## Task
Starting at the line containing "A man is carrying" and ending at the line containing "batman and batgirl", transcribe the listing below exactly. Keep both end lines, skip the pictures, and copy nothing else.

+ + +

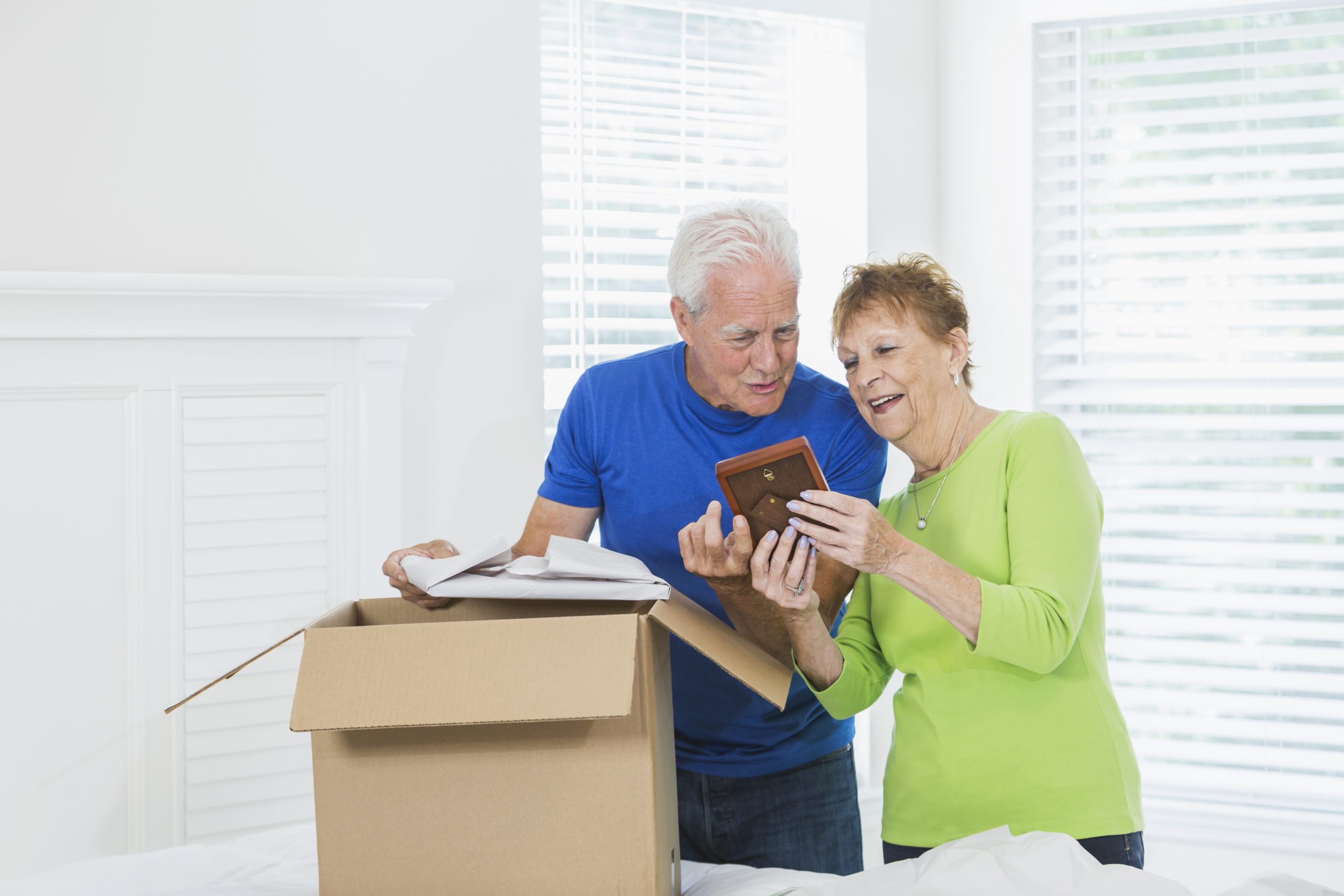 Senior couple packing cardboard box and looking at photographs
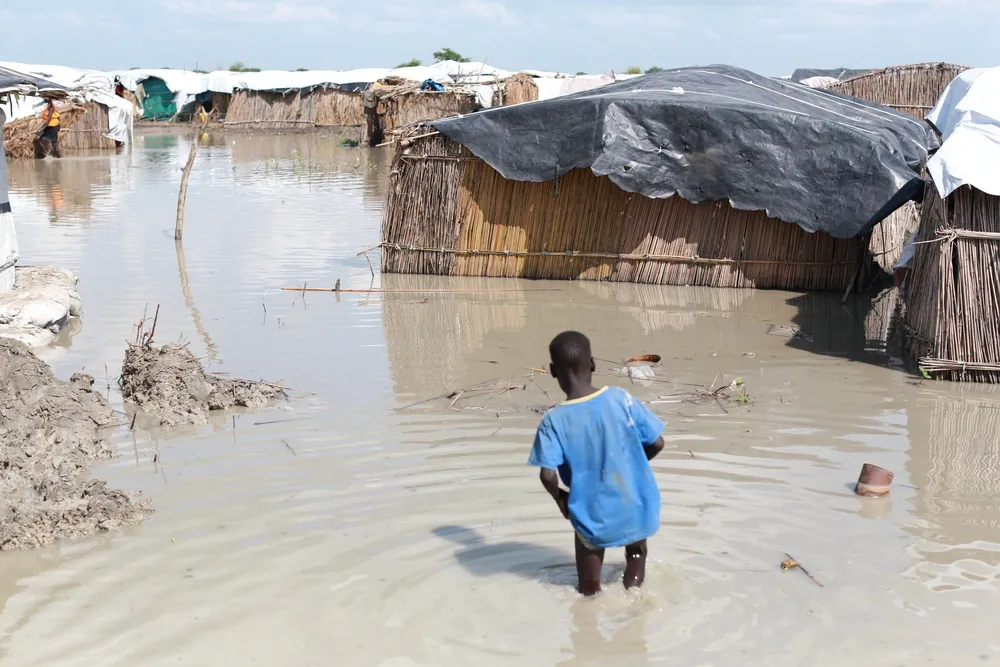 A boy walks through floodwater in the United Nations Protection of Civilians compound in Bentiu, South Sudan.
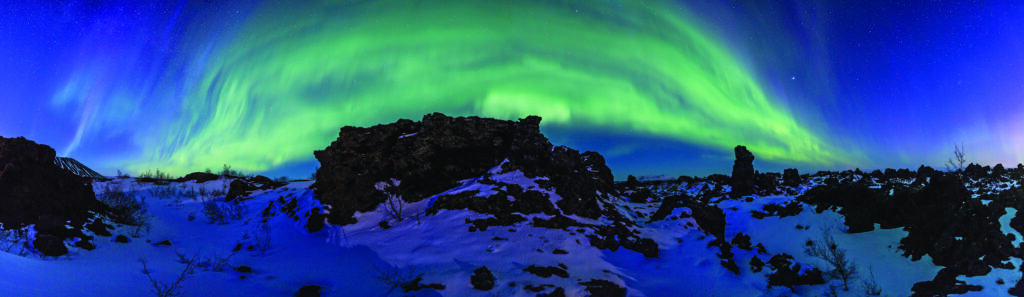 A snowy mountain with green northern lights in the sky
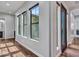 Inviting hallway with hardwood floors, black trimmed windows, and a decorative front door at 3809 E Lynx Pl, Chandler, AZ 85249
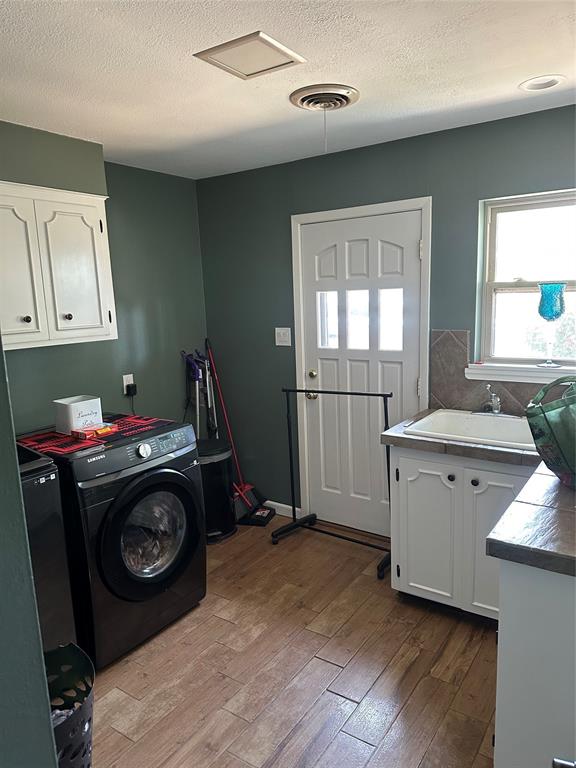 505 High Road Coleman, TX 76834 - Photo 26 of 38 a utility room with closet dryer and washer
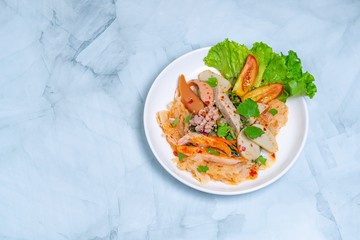 yam wun sen, Glass noodle spicy salad with Thai pork sausage ,mix vegetables,mushrooms, carrots,onions,minced pork and chilly in Thailand it call “Yam moo yo” Popular and famous food in Thai.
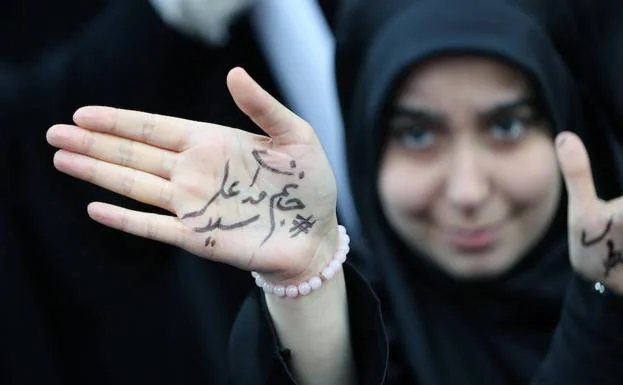 Una joven muestra un mensaje escrito en su mano que reza «estamos preparados para sacrificarnos por el Líder Supremo el Ayatola Ali Jameini» durante una manifestación convocada con motivo del aniversario de la toma de la Embajada de EE UU en Teherán.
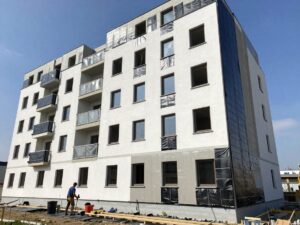 Moderne deutsche Wohngebäude mit teilweise fertiggestellter Außenwand, sichtbaren Abdichtungs‑Schichten und Arbeitern, die Bitumenmembranen verlegen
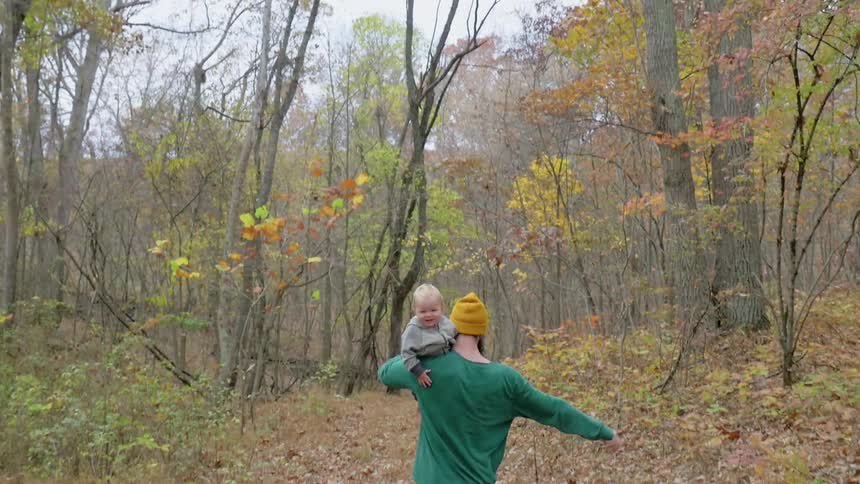 A man is carrying a baby in the woods on his shoulder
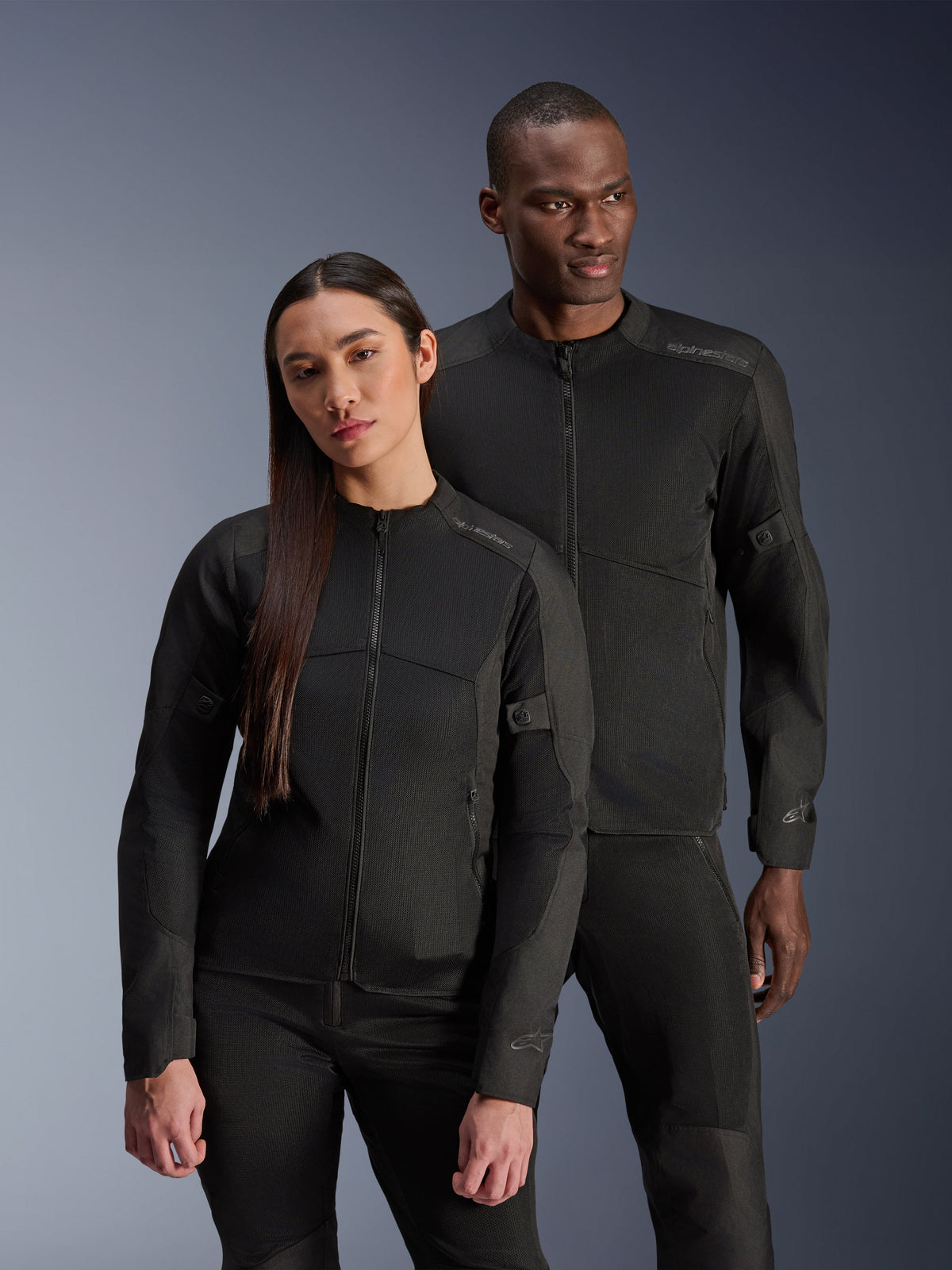 Un homme et une femme portant les vestes Alpinestars C-1 Air et Stella C-1 Air, vestes de moto urbaines assorties en textile noir avec panneaux en mesh pour la ventilation, associées à des pantalons de moto noirs pour un look contemporain et épuré.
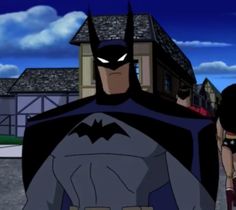 batman and batgirl walking down the street in front of a house with two women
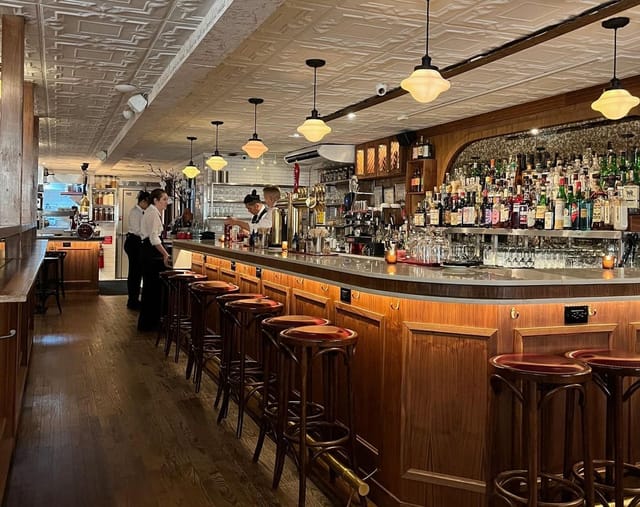 Stylish Taft Bar in Manhattan Manor, ideal venue for networking events and gatherings.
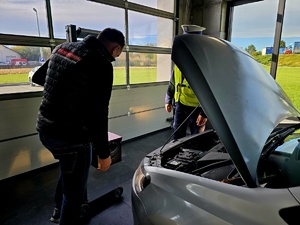 NA ZDJĘCIU DIAGNOSTA I POLICJANT SPRAWDZAJA OSWIETLENIE POJAZDU I USTAWIAJA JE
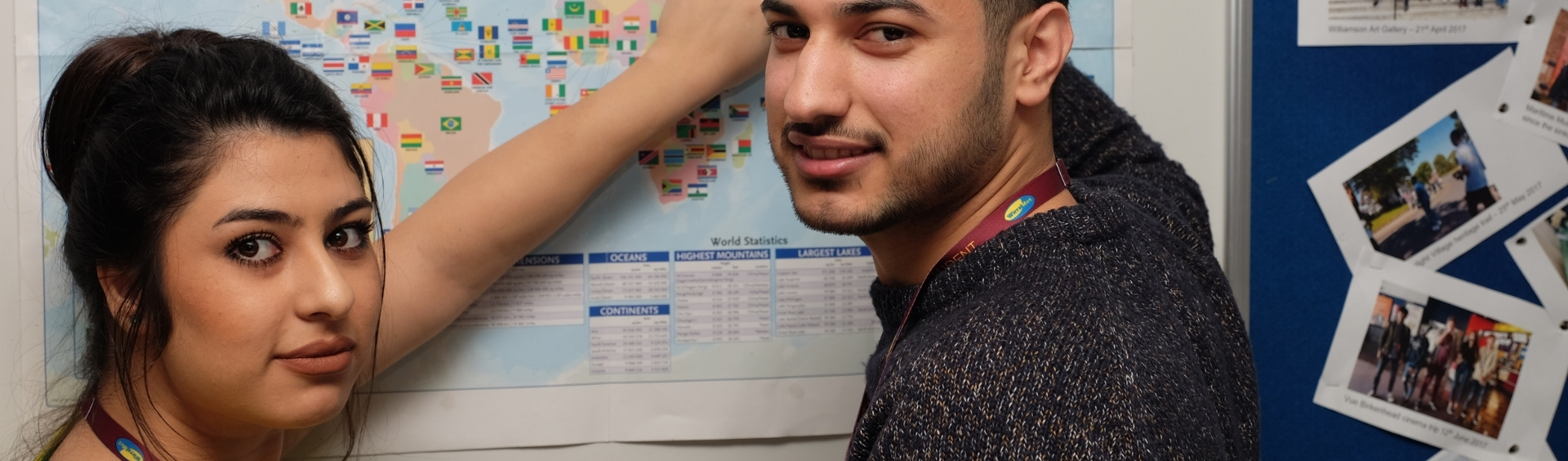 Two WMC ESOL students standing in front of map inside classroom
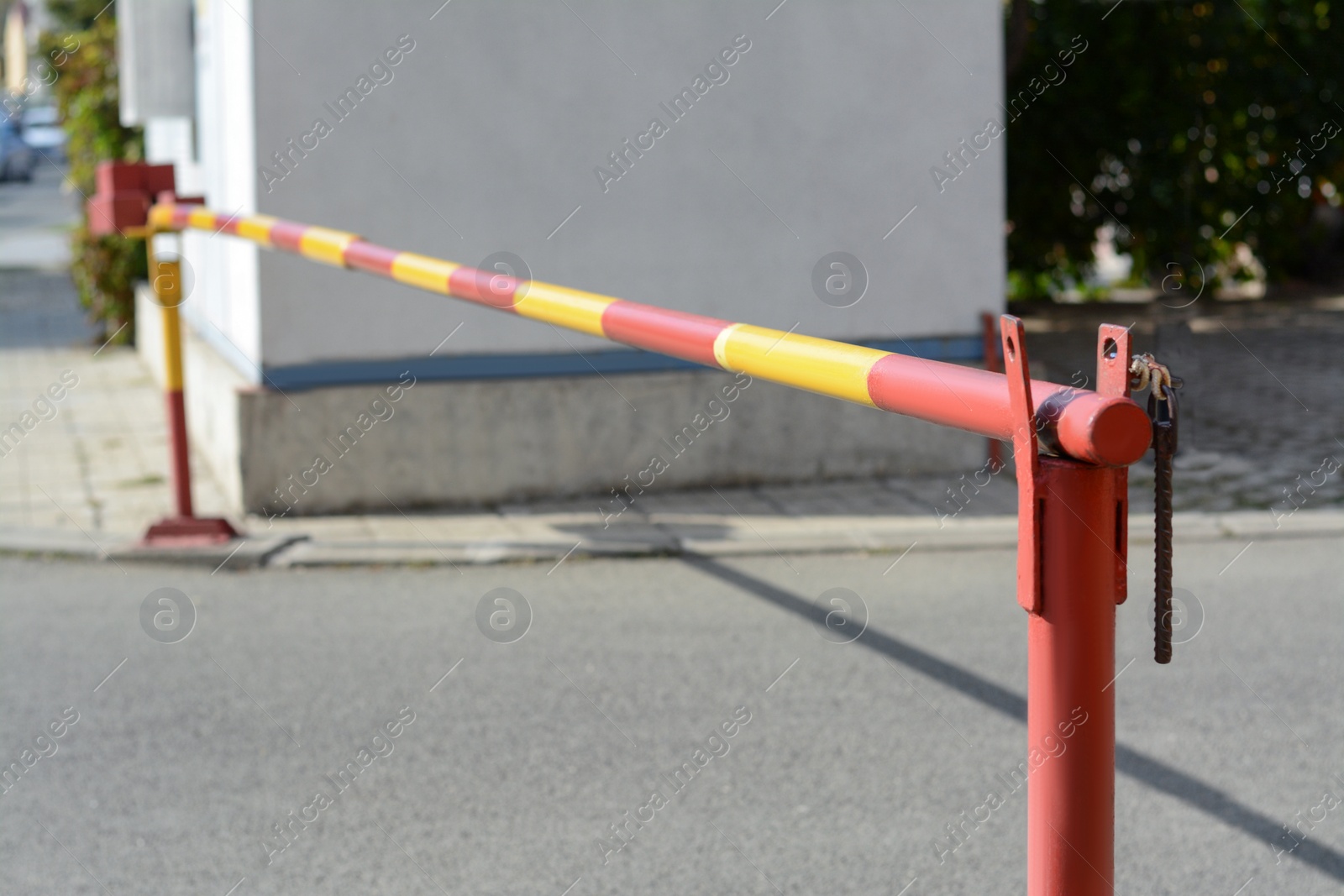 Photo of Closed boom barrier on sunny day outdoors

+ + +

## Exercise answer
 A man is carrying a baby in the woods on his shoulder
 Un homme et une femme portant les vestes Alpinestars C-1 Air et Stella C-1 Air, vestes de moto urbaines assorties en textile noir avec panneaux en mesh pour la ventilation, associées à des pantalons de moto noirs pour un look contemporain et épuré.
 batman and batgirl walking down the street in front of a house with two women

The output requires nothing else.